Şu tutuklansın, şunlar asılsın, bunlar ülkeden kovulsun…
Ayrıntılarına dair hiçbir şey bilmediğimiz olaylar, netleşmesi için süre ve daha fazla delile ihtiyaç duyulan intiharlar, cinayetler, tacizler, kavgalar hakkında telaşla hükme varıyoruz. Elimizi çabuk tutmalı, herkesten daha fazlasını söylemeli, mümkünse sert ve net olmalıyız ki daha çok tık alalım.
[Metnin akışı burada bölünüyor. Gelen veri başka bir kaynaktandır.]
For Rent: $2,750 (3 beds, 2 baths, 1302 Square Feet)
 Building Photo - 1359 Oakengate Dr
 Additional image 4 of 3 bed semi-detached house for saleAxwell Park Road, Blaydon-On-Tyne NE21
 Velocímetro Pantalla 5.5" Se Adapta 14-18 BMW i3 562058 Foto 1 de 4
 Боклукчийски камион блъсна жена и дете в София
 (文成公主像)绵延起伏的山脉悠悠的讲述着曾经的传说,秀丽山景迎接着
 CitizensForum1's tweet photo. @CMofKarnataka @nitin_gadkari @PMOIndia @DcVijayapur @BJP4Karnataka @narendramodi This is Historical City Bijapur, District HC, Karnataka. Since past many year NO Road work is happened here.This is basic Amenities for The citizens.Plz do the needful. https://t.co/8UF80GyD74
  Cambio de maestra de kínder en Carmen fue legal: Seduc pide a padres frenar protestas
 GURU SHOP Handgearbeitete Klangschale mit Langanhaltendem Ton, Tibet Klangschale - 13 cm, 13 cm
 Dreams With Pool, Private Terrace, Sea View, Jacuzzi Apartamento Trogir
İşin demokrasi ve özgürlüklerimiz için daha tehlikeli yanıysa siyasilerin, yöneticilerin ve yargının oluşan sanal kolektif histeriye teslim olmaları… Kamuoyu algısı sandıkları manipülasyona teslim olup onun dümen suyunda hareket etmeleri… Twitter engizisyonuna düşenleri karakola çağırmaları… Siyasi ikbal peşindeki meczupları ciddiye alıp gündemi trollemeleri.
Bu kaos karşısında hukuktan siyasete onca bedel ödenen müştereklerimizde ısrar etmekten başka şansımız yok.
Cesur olmalı, bu sanal gürültüye pabuç bırakmamalı, kendimize, gerçekliğimize, insanlığımıza sahip çıkmalıyız.